On this day in 1961 workers used barbed wire and cinder blocks to start building a wall that would become the symbol of the Cold War. The Berlin Wall divided Germany physically and ideologically and, in the 28 years that followed, it became a physical manifestation of the ‘iron curtain’.
Its fall in 1989, celebrated with much euphoria, reunited Germany and acted as trigger for the collapse of many Eastern European regimes, which fell domino-like over the next decade.
It's interesting to look back now and note that there were just 15 border walls around the globe at the time. Now, there are over 70. The big border wall is back.
While US president Donald Trump has gained notoriety as one of the world’s most enthusiastic wall-builders, thanks to his promise to build a “beautiful wall” on the unfenced sections of the US-Mexican border, he is far from being the only one.

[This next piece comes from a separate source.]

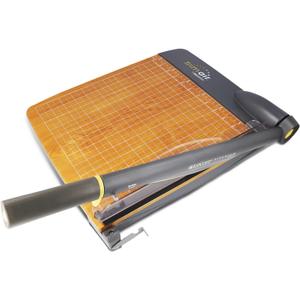 Westcott 12'' TrimAir Wood Guillotine Paper Cutter & Paper Trimmer, 30 Sheet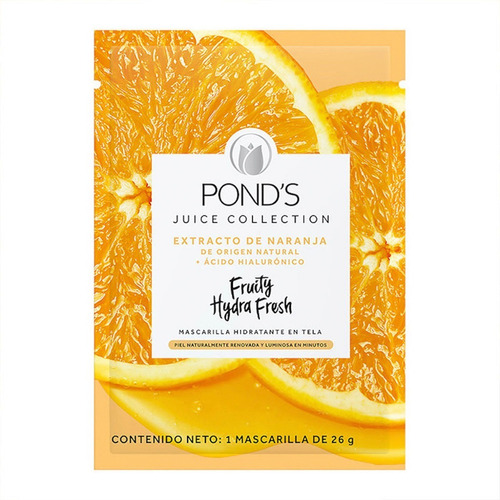 Mascarilla Facial Pond's Juice Collection Naranja 26 G Tipo de piel Mixta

Several European countries — Hungary, Bulgaria and Austria among them — responded to the migrant crisis of 2015/16 by building walls, while the UK financed a wall in France to stop migrants making the journey from Calais to England.
Border walls and fences across 10 European countries are now six times longer than the Berlin Wall, according to international research body, the Transnational Institute.
On this island nation, we’ve haven’t built a wall to keep migrants out. By putting them in direct provision centres, we have instead built walls to fence them in.